* [TASK OBJECTIVE]:
Here the job is to retype the data word for word while leaving the pictures aside.

* [COLLECTED MATERIAL]:
● ● ● ● ●
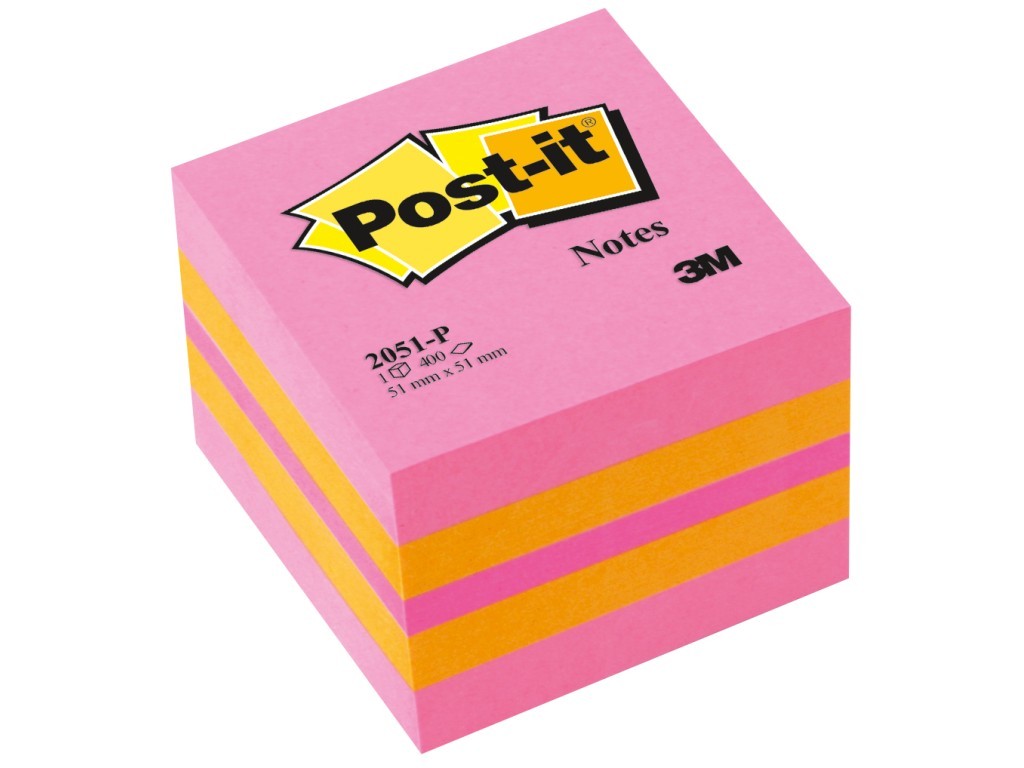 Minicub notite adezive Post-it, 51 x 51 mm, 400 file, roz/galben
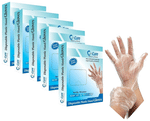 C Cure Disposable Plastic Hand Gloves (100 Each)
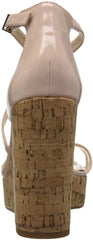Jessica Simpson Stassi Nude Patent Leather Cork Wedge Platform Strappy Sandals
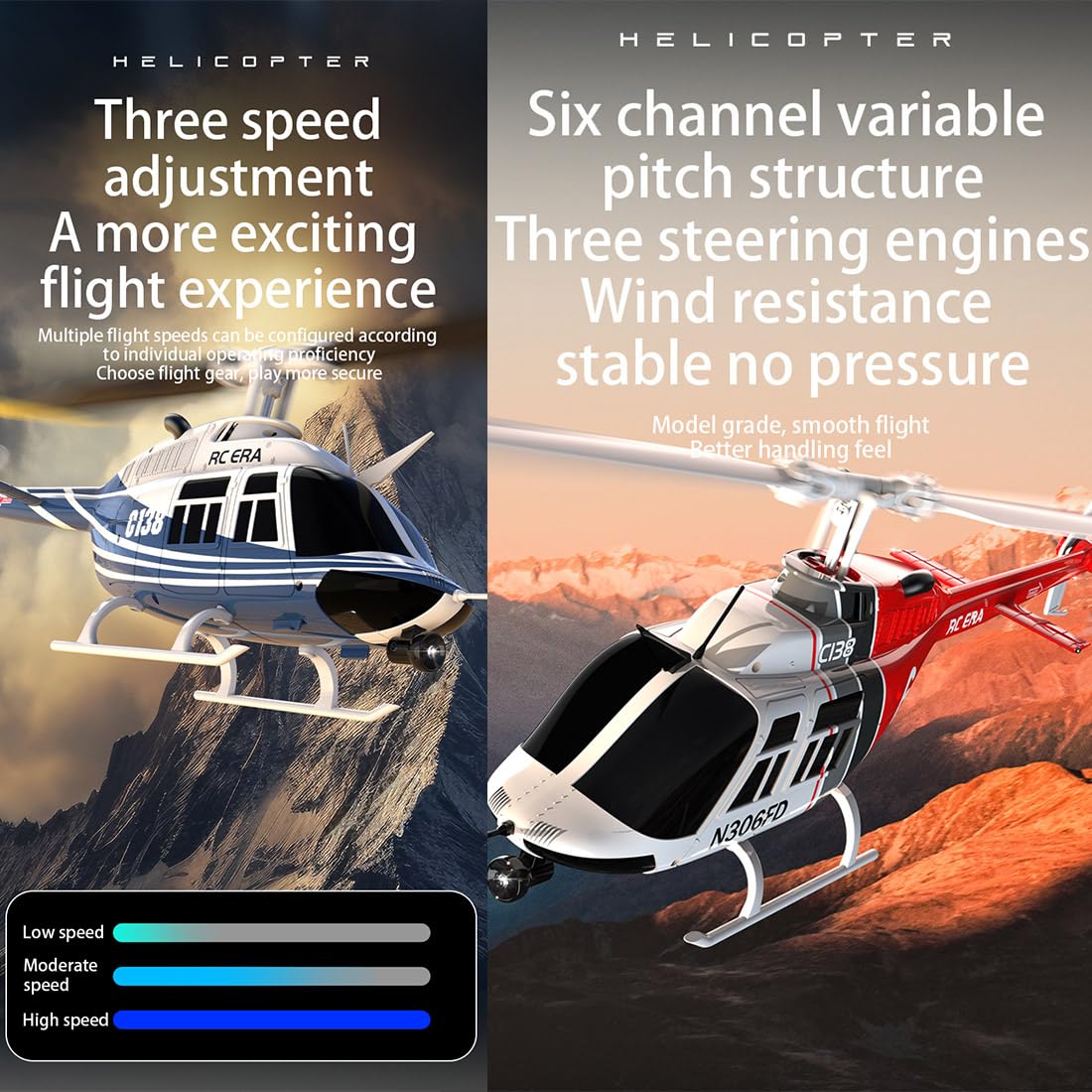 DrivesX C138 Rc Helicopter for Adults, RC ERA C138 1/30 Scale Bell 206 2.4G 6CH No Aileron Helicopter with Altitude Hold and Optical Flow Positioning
● ● ● ● ●
* [WRITTEN RESPONSE]:
 Minicub notite adezive Post-it, 51 x 51 mm, 400 file, roz/galben
 C Cure Disposable Plastic Hand Gloves (100 Each)
Jessica Simpson Stassi Nude Patent Leather Cork Wedge Platform Strappy Sandals
 DrivesX C138 Rc Helicopter for Adults, RC ERA C138 1/30 Scale Bell 206 2.4G 6CH No Aileron Helicopter with Altitude Hold and Optical Flow Positioning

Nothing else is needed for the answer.